Oct
26
Thoughts on Educause 2007
October 26, 2007 |
It is hard not to be impressed by the scale and organisation of a conference the size of Educause – 7000 delegates and the programme and logistics that go with it are no mean feat. There is nothing to compare within the UK or EU which is both regrettable and not surprising. I had heard vague comments about Educause sessions being long on hype and short on delivery, but from my one experience this year I couldn’t level that criticism.

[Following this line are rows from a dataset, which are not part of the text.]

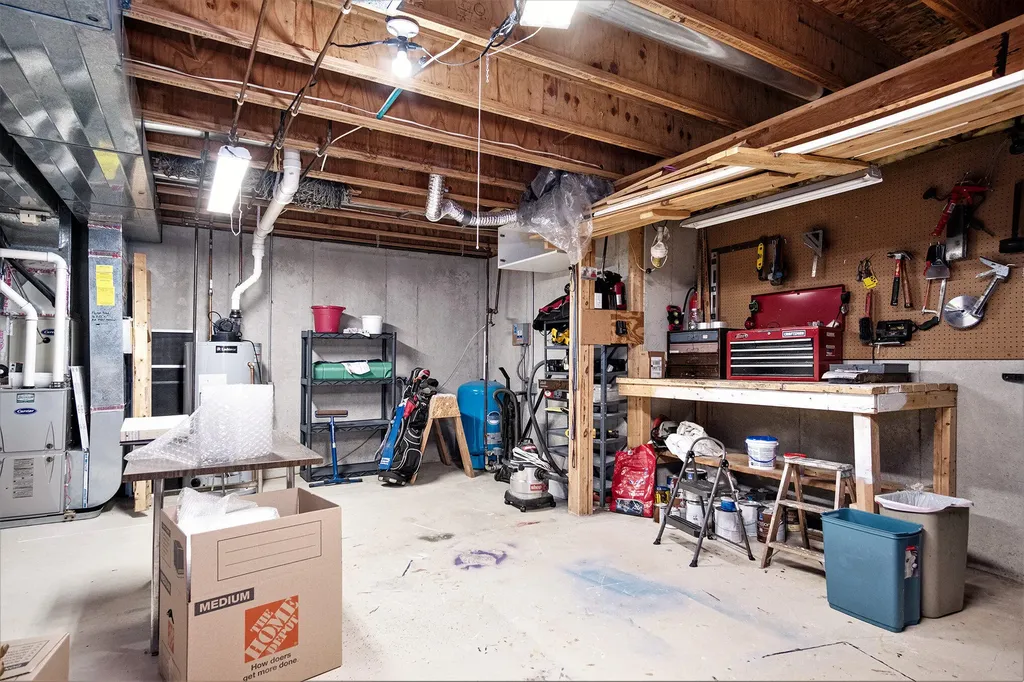 7751 Austinridge Drive SE Caledonia Township MI 49316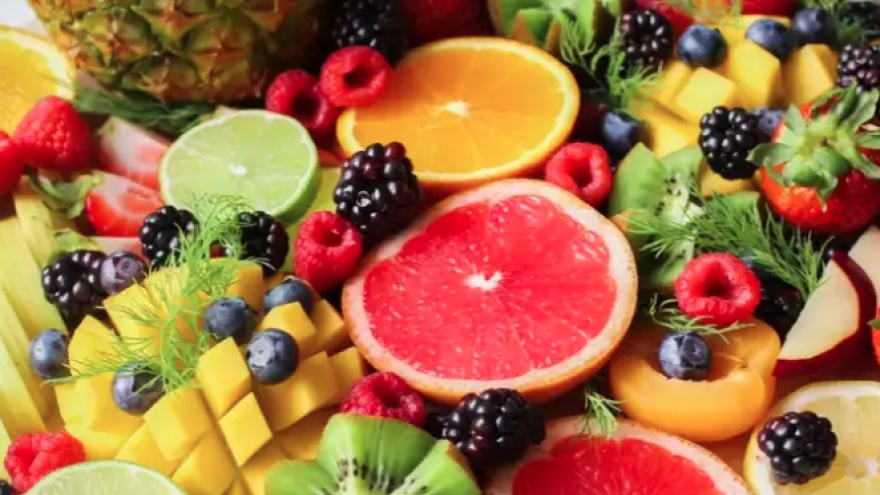 15 loại trái cây có lượng đường cao nhất và thấp nhất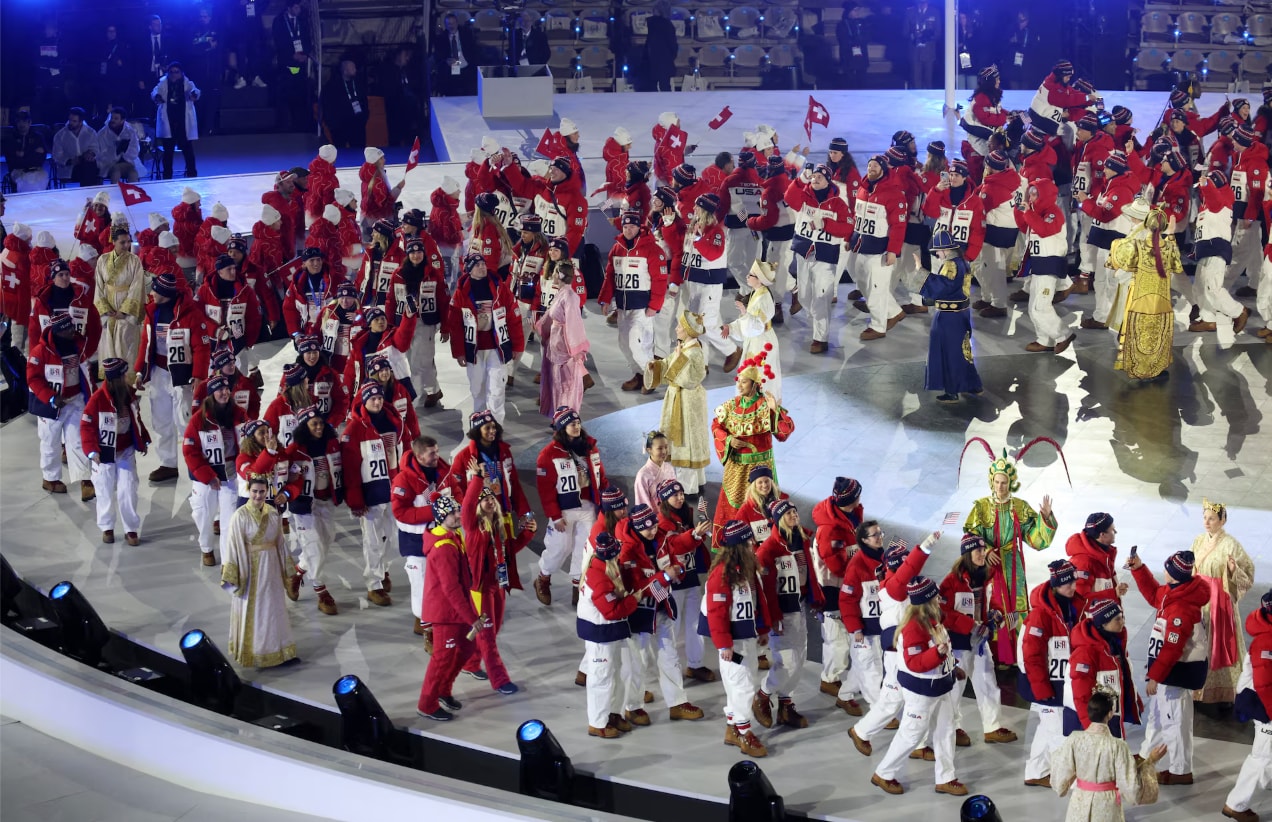 Đoàn vận động viên Mỹ diễu hành trong lễ bế mạc.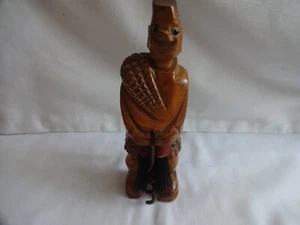 VINTAGE CARVED WOODEN GREEK MAN BOTTLE OPENER & WINE CORKSCREW & BRUSH - Foto 1 di 8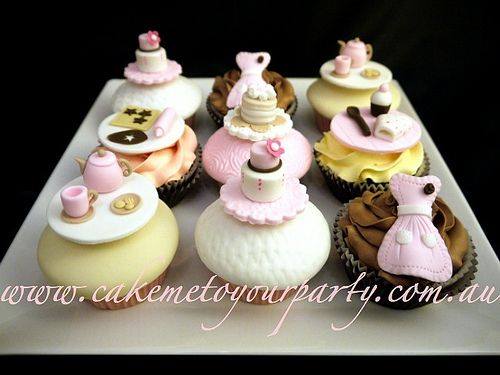 Mini Teapot cakes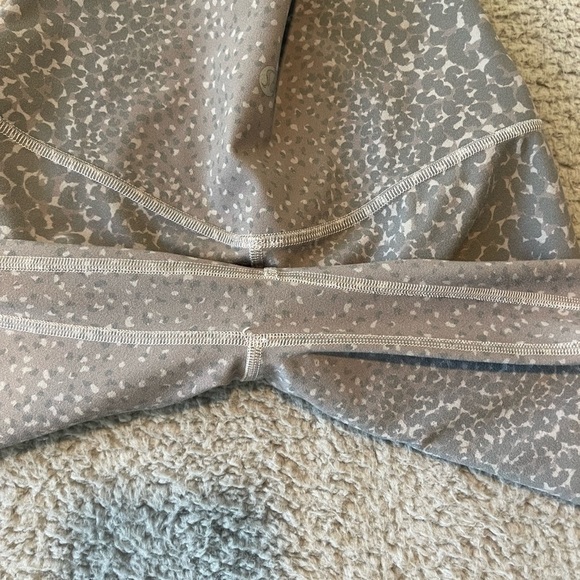 Lululemon Align Pant 28" High-Rise Engineer Print City Camo Silver Drop Multi 4 - Picture 6 of 8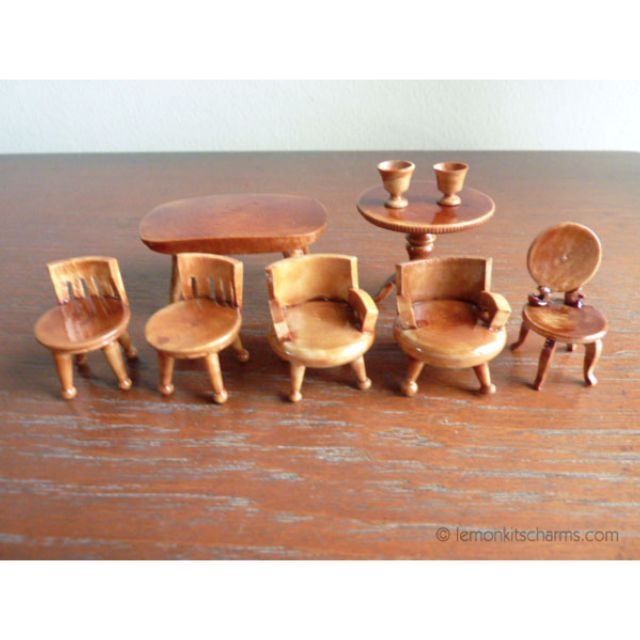 miniature dollhouse chairs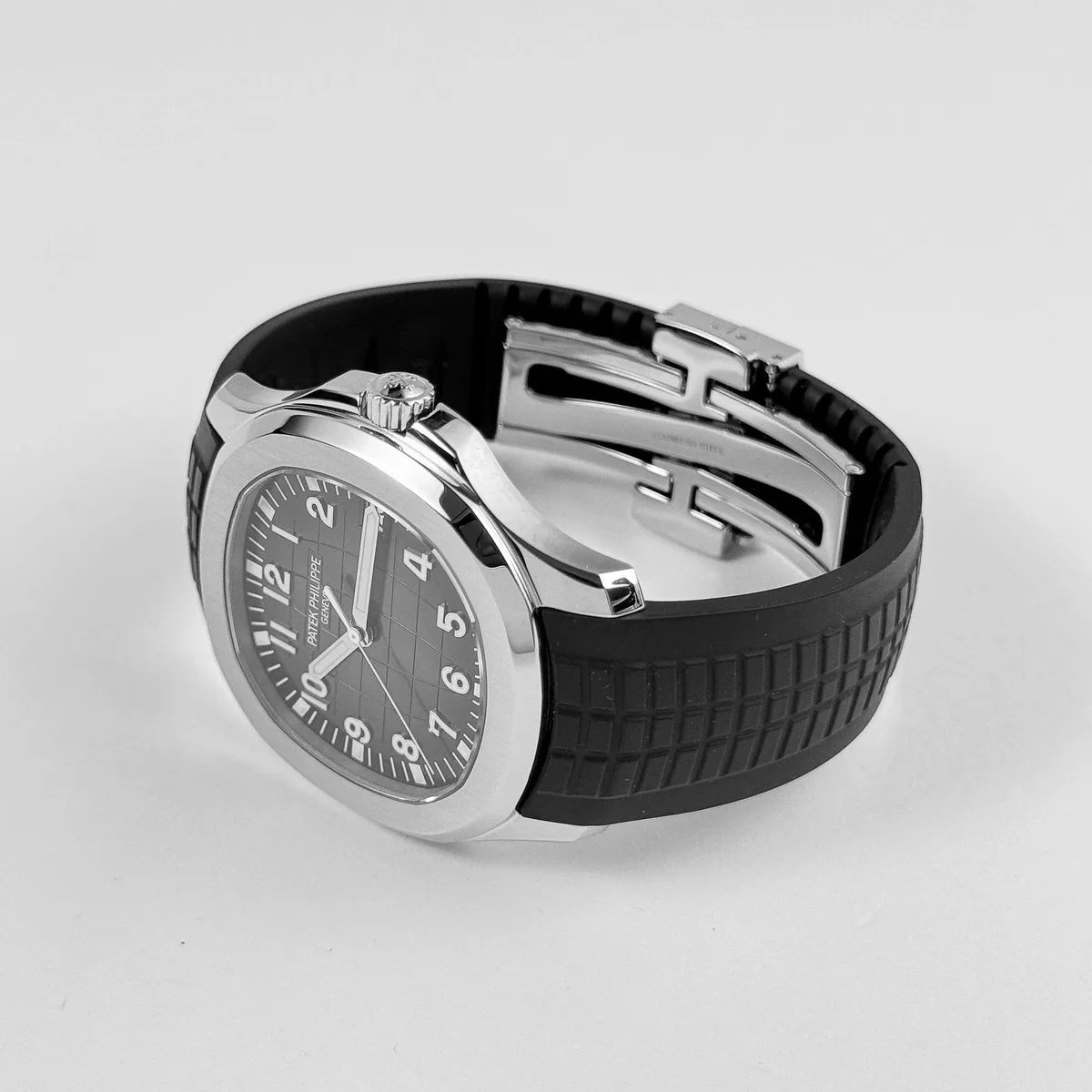 Patek Philippe Aquanaut 3285 V3 – Swiss Super Clone 5167/1A-001 Stainless Steel Black Dial (2023) — photo 8 of 15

The majority of the sessions I attended were good, some very good, and overall I succeeded in my plan to learn more about Web 2.0 activities and issues around changing student needs and expectations.
I guess that the things I take from the conference fall into two main groups: Web 2.0 and its impact on institutions, and just how different students are becoming both in their needs but also their approaches to study.
The work at Xavier seemed to present a clear message that to embrace Web 2.0 technologies, existing structures need to be abandoned for more personalised and user-centred approaches (also entirely relevant to the work we have begun around the JISC web site). The Wisconsin-Madison session reinforced the idea that social networking technology is also all about engagement, something maybe institutions lose sight of sometimes, and that these approaches lead to a very different way of working; trawling great ranges of information and then filtering it for trust and value. Wisconsin also highlight the fact that institutions shouldn’t try to tamper with these technologies but just adopt what is already there.
The Project Technology exercise threw up interesting issues around both staff issues as well as structural questions commenting that adopting Web 2.0 approaches has a broad institutional impact that needs the active involvement of students both in terms of content creation and institutional planning. Equally the work at Marist acknowledged the deep changes needed in pedagogy and institutional structures and approaches that Web 2.0 brought with it and amplified the view that this can only be done with the genuine and deep involvement of the student body
Throughout all the session I was struck by the recognition that students have changed and are continuing to change and that institutions needs to change with them. The Committee of Inquiry being run by JISC could do well with listening to many of the comments coming out of these (albeit US) examples. The ECAR survey highlighted the fact that there is no such thing a standard student; the use of social networking technology has not peaked; there is increasing use of mobile technologies; teaching is still of high importance and institutions need to deal with help desk needs, WiFi and mobile and handheld issues. Finally the Tomorrows Student survey stress the disconnect between adults and students, institutions need to consider much younger students when considering student needs and the digital natives won’t enter universities until around 2014.